An exact transcription of the listing, without its images, is what the answer must contain.

(Dataset excerpt begins)

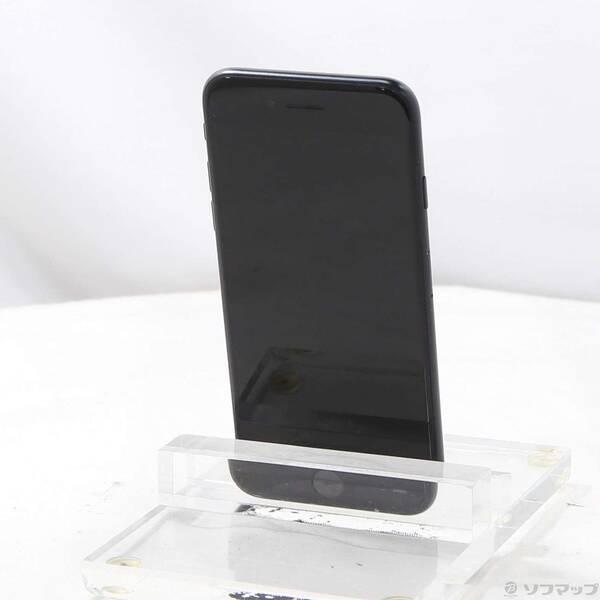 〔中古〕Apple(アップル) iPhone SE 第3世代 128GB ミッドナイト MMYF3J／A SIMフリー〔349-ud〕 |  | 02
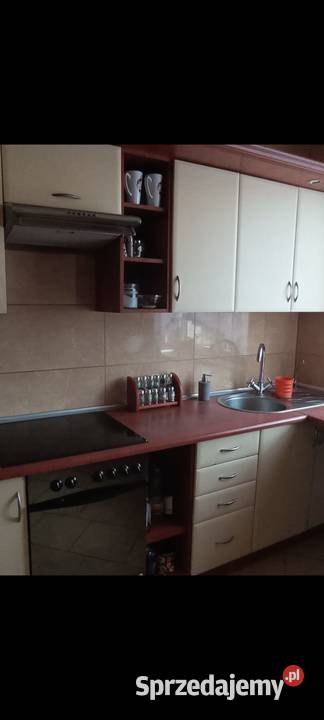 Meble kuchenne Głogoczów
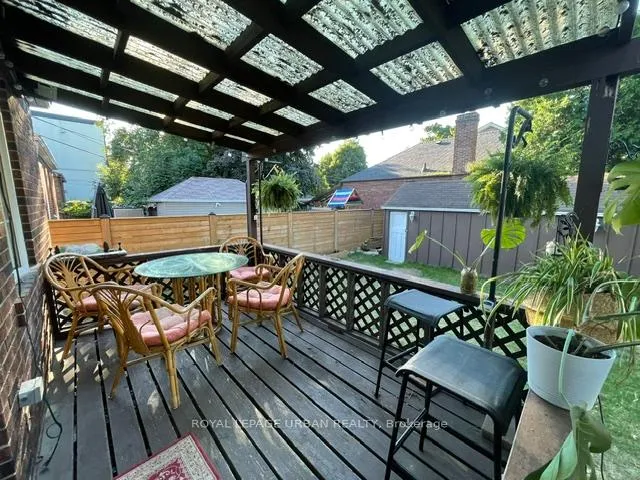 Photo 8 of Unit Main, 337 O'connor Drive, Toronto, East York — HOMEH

(Dataset excerpt ends)

- _Result_:
 〔中古〕Apple(アップル) iPhone SE 第3世代 128GB ミッドナイト MMYF3J／A SIMフリー〔349-ud〕 |  | 02
 Meble kuchenne Głogoczów
 Photo 8 of Unit Main, 337 O'connor Drive, Toronto, East York — HOMEH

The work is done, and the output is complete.